We stood looking at each other in the dark, only a couple of feet apart and close enough for me to see that the skin around his eyes was fragile and bruised, as if rubbing with fingertips had worn it thin. Neither of us turned to leave and I had exactly the same feeling I’d had at our first meeting, reluctance in the form of a physical tugging – not heartstrings, not yet, but bits of my gut, maybe; something bodily and fundamental.

‘You look different,’ he said at last, his tone thoughtful.

I realised he meant different from the night of the party. ‘What, as in worse? Run ragged?’ I laughed. ‘I would agree with that.’

‘No, that’s not what I meant at all. I like both ways.’

‘Thank you.’ I didn’t know what else to say.

Now he left me, casting a quick glance up at the Laings’ house as he went. Though in reality the two families were probably friends, I liked to imagine that Arthur was praying he would not catch one of them coming or going, just as I did whenever I walked past.
     
    It was his wife, Sylvie Woodhall, who came to collect the plate the following Saturday.
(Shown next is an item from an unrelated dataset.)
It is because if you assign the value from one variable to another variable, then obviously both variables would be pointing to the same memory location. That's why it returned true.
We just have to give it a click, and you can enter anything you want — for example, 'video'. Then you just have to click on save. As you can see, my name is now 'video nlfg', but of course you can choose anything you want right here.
As I squatted a short distance from the cash desk, unpacking a delivery of ready-to-paint jewellery boxes, I could hear her announcing her name and describing the piece to Aislene. ‘I did send my husband in last weekend, but he’s obviously not to be trusted with such a task.’ And then she cried out, ‘That’s it there, on the bottom shelf, that big yellow one! I don’t see how he could possibly have missed it.’
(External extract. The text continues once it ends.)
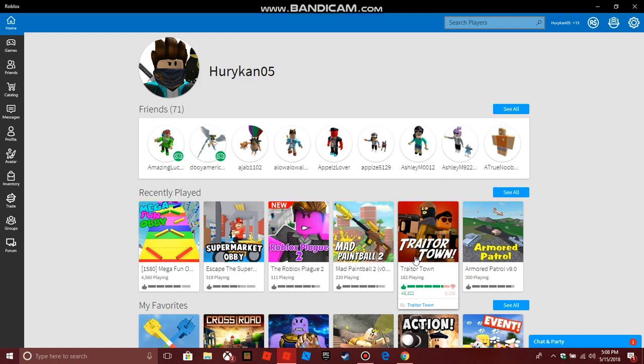But before I get straight into the video, if you're new to the channel, be sure to hit the subscribe button and the bell to be notified for the next Roblox or tutorials video I do. Also hit the like button for support.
‘Must need his eyes testing,’ a female voice replied, followed by a single sharp bark of laughter that set Sylvie off, and without being told I knew this wisecracker must be the scalp-hunting journalist Nina.

I adjusted my position behind the raised lid of my cardboard box so I could study the two of them more discreetly. Both women were in their late forties or early fifties and very well dressed: expensive-looking woollen coats and wedge-heeled suede boots, cashmere scarves in understated shades twined casually about the neck and shoulders, handbags about a hundred times more costly than any in my possession. Arthur’s wife had a shower of natural-looking blond curls, angular features and a pink English complexion, Nina dark bobbed hair and the kind of polished-pearl skin that spoke of high-end facials. As they queued together at the till, the huge plate now held in Sylvie’s arms like the Wimbledon trophy, they chatted openly about personal matters, quite heedless of who might be in earshot. Admittedly, this was not unusual behaviour for customers and I’d long ago learned to zone out of the myriad soap operas going on around me; this time, though, I found myself listening closely. Finishing with the jewellery boxes, I started on a package of piggy-banks that were supposed to have waited till later, dallying over the job and hoping Charlotte would not come on to the shop floor from the office upstairs to notice my breach of protocol.
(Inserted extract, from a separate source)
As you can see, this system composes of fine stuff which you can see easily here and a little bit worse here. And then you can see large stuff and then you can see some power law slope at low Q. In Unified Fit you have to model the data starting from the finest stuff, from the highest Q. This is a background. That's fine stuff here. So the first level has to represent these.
‘Anyway, if you ask me, you’re doing brilliantly,’ the Nina woman said in the strong, carrying tone of a public announcement. She exuded a sense of command you rarely encountered in real life, as if she could quite unselfconsciously bring the room to silence and start an impromptu rally for the cause of her choice. ‘It’s almost two years now, isn’t it? That’s pretty good for him.’

‘As far as I know, yes. Pathetic, really, to be congratulating him on it.’